Gas storage levels in France are 66 percent full, against 72 percent at the same time last year, according to Gas Infrastructure Europe data, following a poor injection period.

"Storage levels at the start of the winter were not 100 percent full but only about 80 percent in the south," an official source said. "There is no immediate risk of shortage but people are protecting themselves for January and February which is why prices are rising."

France is divided into three gas hubs, but pipeline bottlenecks between the Northern hub called Peg Nord and the southeastern Peg Sud prevent Norwegian and Russian pipeline imports from flowing to the south of the country.

This is why the southern gas hub relies heavily on LNG imports from the Tonkin and Cavaou terminals in Fos near the Mediterranean port of Marseille.

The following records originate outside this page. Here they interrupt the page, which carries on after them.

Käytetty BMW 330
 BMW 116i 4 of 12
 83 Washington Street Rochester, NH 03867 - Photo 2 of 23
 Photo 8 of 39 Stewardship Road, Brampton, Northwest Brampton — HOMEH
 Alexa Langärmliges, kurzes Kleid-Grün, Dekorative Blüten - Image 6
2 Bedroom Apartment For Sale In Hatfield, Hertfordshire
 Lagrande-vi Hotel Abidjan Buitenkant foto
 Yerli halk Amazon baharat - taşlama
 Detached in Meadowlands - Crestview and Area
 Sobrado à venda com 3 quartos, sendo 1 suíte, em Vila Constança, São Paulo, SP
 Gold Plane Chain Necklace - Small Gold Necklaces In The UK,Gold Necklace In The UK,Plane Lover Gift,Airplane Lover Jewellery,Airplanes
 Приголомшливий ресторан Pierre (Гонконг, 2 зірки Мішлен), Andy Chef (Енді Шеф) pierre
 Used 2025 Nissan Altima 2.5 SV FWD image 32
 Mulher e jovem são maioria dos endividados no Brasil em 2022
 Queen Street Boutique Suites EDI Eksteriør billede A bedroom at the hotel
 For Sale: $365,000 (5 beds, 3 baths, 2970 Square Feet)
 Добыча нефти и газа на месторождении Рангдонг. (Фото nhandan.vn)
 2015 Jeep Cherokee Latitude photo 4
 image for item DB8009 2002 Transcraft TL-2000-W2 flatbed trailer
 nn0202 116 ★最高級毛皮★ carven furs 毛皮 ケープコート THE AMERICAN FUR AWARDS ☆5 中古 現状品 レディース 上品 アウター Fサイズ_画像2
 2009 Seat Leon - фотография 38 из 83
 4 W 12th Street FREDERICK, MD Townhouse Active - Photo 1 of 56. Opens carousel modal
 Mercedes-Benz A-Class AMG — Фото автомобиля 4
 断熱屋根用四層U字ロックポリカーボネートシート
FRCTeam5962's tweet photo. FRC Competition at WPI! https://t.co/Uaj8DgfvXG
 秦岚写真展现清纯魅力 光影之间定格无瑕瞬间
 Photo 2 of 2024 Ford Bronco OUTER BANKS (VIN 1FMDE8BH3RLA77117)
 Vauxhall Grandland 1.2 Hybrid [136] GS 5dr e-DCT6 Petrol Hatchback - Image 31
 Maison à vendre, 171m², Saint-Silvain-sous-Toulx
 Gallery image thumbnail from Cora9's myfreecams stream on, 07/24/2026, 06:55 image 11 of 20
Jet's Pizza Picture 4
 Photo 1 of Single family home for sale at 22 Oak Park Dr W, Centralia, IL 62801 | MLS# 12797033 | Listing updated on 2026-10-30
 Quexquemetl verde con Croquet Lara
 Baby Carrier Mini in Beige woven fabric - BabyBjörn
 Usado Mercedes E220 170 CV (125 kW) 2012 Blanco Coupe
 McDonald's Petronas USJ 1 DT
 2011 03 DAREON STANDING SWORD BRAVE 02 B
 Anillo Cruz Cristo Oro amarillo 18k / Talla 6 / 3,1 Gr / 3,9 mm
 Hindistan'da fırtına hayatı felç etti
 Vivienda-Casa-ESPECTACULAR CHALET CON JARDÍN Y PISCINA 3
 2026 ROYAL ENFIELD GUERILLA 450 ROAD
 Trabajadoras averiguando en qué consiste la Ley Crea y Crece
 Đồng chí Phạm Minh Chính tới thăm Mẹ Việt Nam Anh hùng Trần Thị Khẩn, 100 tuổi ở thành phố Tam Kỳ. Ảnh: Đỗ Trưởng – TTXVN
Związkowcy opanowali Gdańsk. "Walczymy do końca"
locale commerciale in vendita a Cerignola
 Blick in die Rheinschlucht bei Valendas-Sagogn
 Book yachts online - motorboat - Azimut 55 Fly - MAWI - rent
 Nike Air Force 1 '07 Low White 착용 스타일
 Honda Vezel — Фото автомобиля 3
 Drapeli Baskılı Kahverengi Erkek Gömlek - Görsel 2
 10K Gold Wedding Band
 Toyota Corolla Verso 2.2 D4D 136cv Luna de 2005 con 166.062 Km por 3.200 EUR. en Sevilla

ALGERIAN HITCHES, KEY FACTOR

But problems at an LNG terminal in Algeria, one of the main gas suppliers for the region, have recently caused deliveries to collapse, worsening the already tense supply situation.

Delays in the maintenance of a fourth liquefaction train at the Algerian LNG export terminal of Skikda, near the Tunisian border, are a key factor, France's energy regulator CRE said.

"It's specifically this terminal which supplies the Fos Tonkin port," a source close to the matter said. Algerian state-owned energy group Sonatrach, which operates the terminal, declined to comment.

The spread between Peg Nord and Peg Sud day-ahead gas prices reached a record of 12.29 euros per megawatt-hour (MWh) on Dec. 3 on the French gas bourse Powernext.

"It's the main factor, which combined with others, means that the situation is indeed quite tense, and this is reflected in the high prices.

Gas prices in Asia, which are the world's highest since the Fukushima disaster, are around 40 euros per MWh. Southern French gas prices briefly touched 41 euros this week, while they were around 29 euros in the north.

While the French authorities currently have little leverage to force gas suppliers to boost their storage levels, the government is working on a decree to force utilities to increase the gas they store ahead of the winter.

"The aim of the decree is to be in a situation to be able to withdraw 1,700 gigawatt hours per day," Conrard said, adding that the current withdrawal capacity was two thirds of that. 

By Muriel Boselli and Michel Rose (C) Reuters 2013.